The anomalous warm of the city creates relatively low air pressures that cause cooler, rural air to converge on the urban center, thus forcing warm air to ascend (i.e. convection), which at higher altitudes condensates and precipitates. Studies carried out in several cities of the United States such as Atlanta, New York, Chicago and Washington, have shown that urban-induced precipitation and thunderstorm events are mainly initiated by the UHI. Other meteorological impacts of the UHI are associated with reductions in snowfall frecuencies and intensities, as well as reductions in the diurnal and seasonal range of freezing temperatures.
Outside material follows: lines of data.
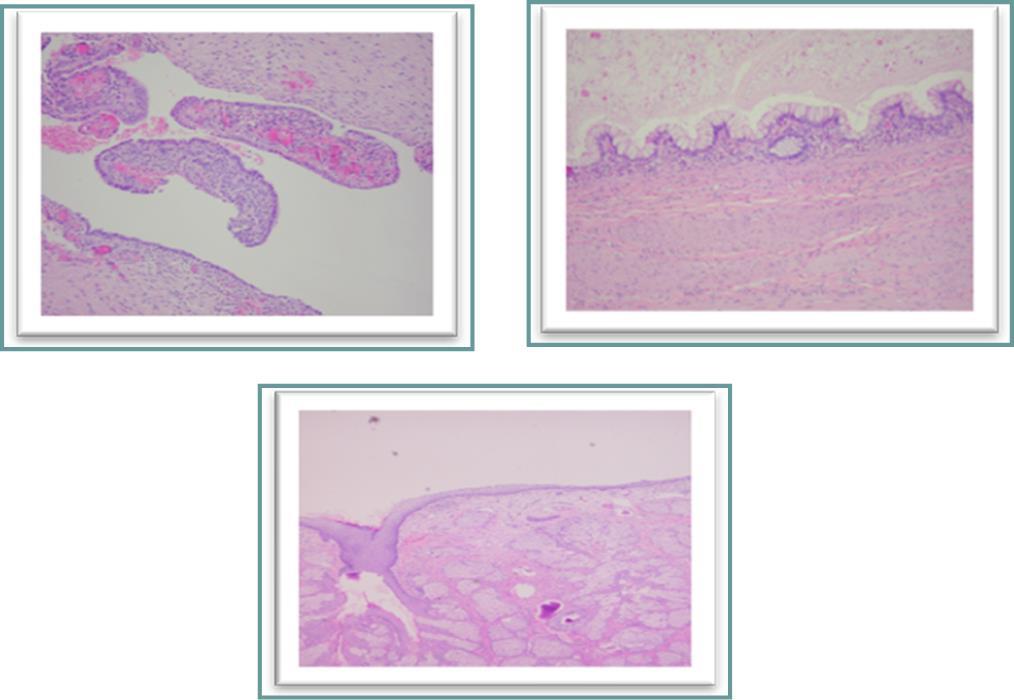 Histological examination. a, cyst lined by endometrial epithelium overcoming its endometrial stroma corresponding to an endometriosis cyst. b, a portion of the cystic mature teratoma lined with intestinal-type mucosa. c, skin surface-like structure with many sebaceous glands found on another part of the cyst.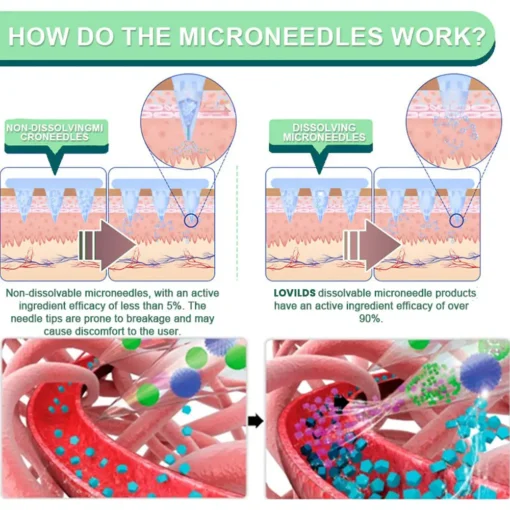 LOVILDS™ NIDDK-Tirzepatide Slimming & health NANO MICRONEEDLE PATCH
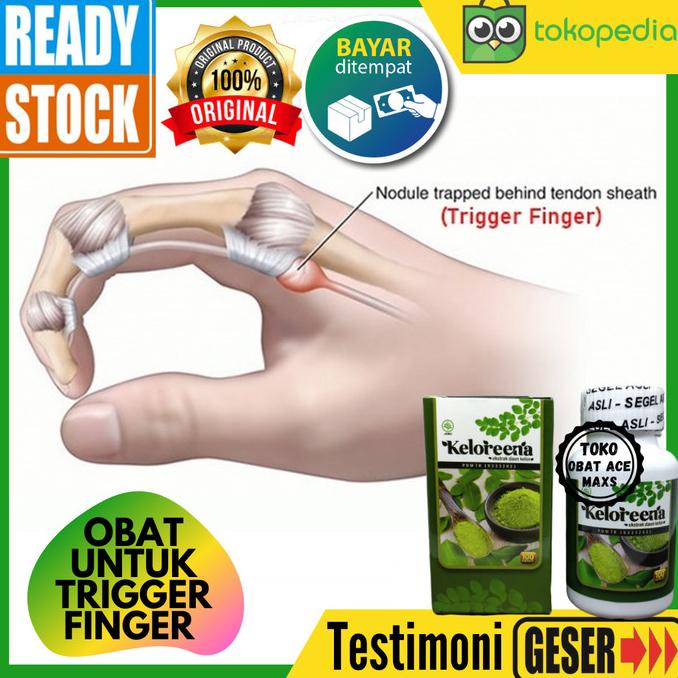 Obat Trigger Finger, Obat Bells Palsy, Obat CTS Carpal Tunnel Syndrome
Lastly, high temperatures may produce physiological and phenological disturbances on ornamental plants and urban forests.

Although in wintertime the UHI can result in energy savings (i.e. winter penalty), there is a great consent among researchers that this benefit is outweighed by the detrimental effects that ocurr in summertime.

Mitigation strategies

In countries like the United States heat is the primary weather-related cause of death, and therefore, promotion of strategies for mitigating the UHI are a big concern for government agencies. There are two main UHI reduction strategies: first, to increase surface reflectivity (i.e. high albedo), in order to reduce radiation absorption of urban surfaces, and second, to increase vegetation cover, mainly in the form of urban forests and parks, in order to maximize the multiple vegetation benefits in controlling the temperature rises.

Reflective surfaces simply results from light colored or white paint on the surface of a given construction material or from cover the construction material surface with a white membrane. Both techniques have been mainly applied on roofs and pavements. Cool roofs are specially important in commercial and residential buildings, where significant energy demand for cooling can be saved by reducing heat gain to the building. Cool pavements have mainly based on the use of whitened asphalt roads, a very warm material. For this purpose their surfaces have been mixed with white chip seals or coated with a light concrete cover called whitetopping.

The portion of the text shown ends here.